[Items from a data source]
+++

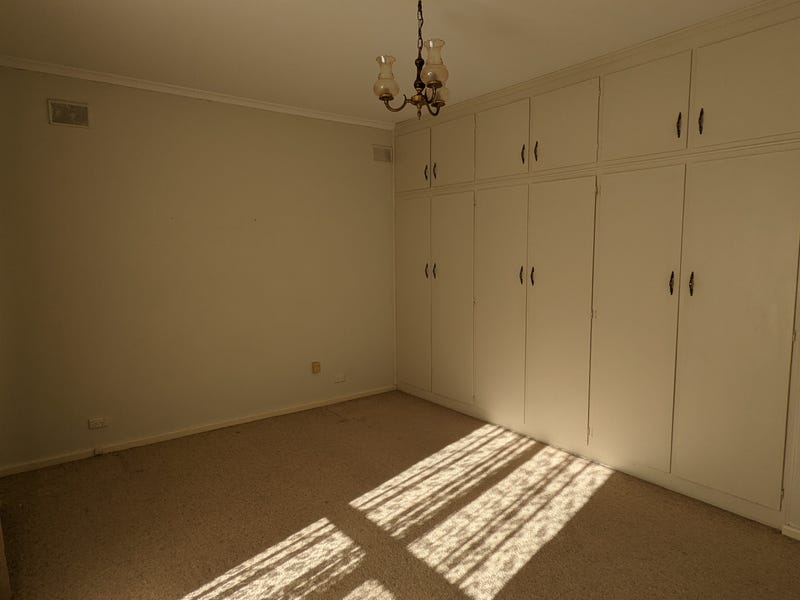 13 Lake View Crescent, HIGHBURY — image 4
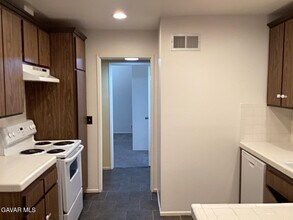 42935 15th St W in Lancaster, CA - Building Photo - Building Photo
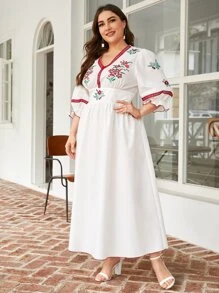 SHEIN فساتين مقاسات كبيرة التطريز منقط بالألوان أنيقة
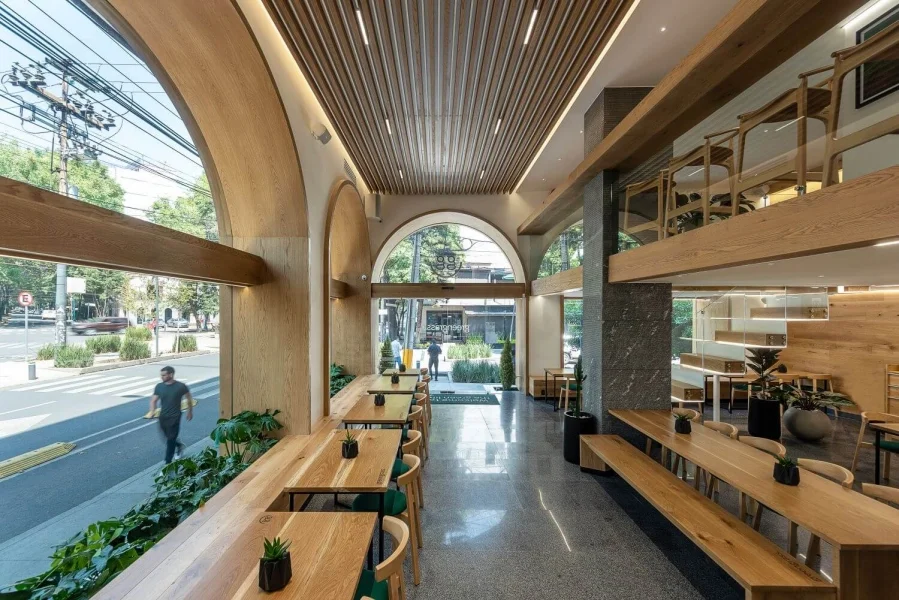 Custom-made tables and chairs for pizzerias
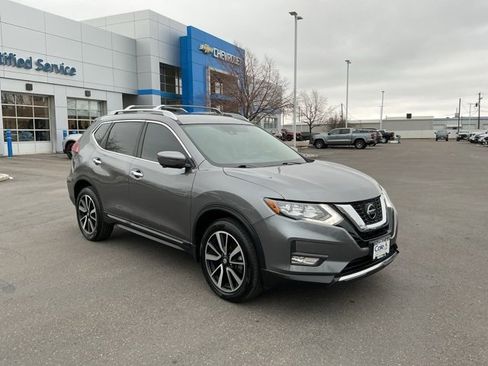 Used 2020 Nissan Rogue SL w/ Premium Package image 4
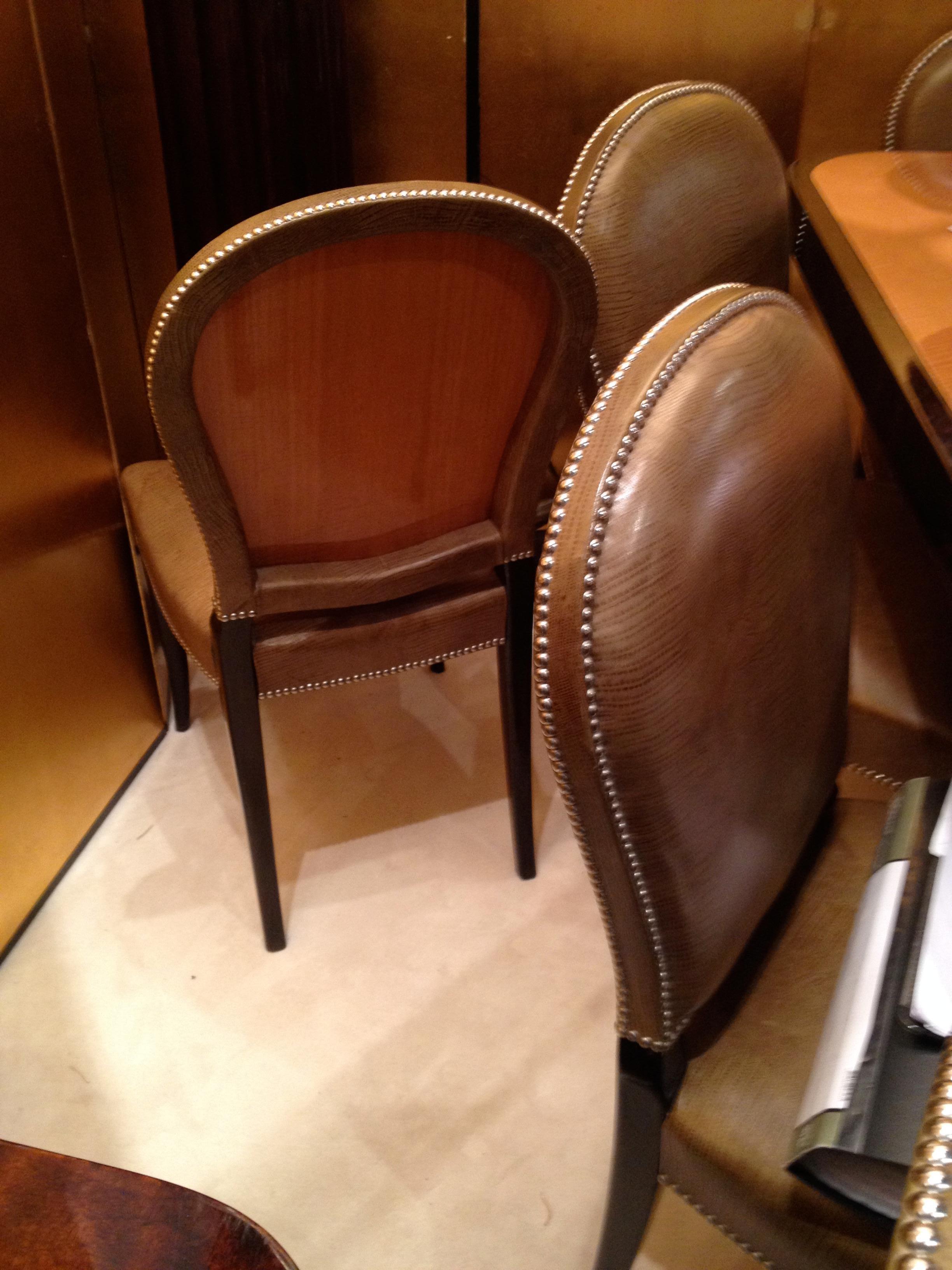 12 Dining Chairs Art Deco in Leather, Italian  For Sale 4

+++

- **How to complete this task**
Look above for the line containing "SHEIN فساتين مقاسات"; output that line and all lines after it through the last one exactly, without the pictures.

- **Expected answer**
 SHEIN فساتين مقاسات كبيرة التطريز منقط بالألوان أنيقة
 Custom-made tables and chairs for pizzerias
 Used 2020 Nissan Rogue SL w/ Premium Package image 4
 12 Dining Chairs Art Deco in Leather, Italian  For Sale 4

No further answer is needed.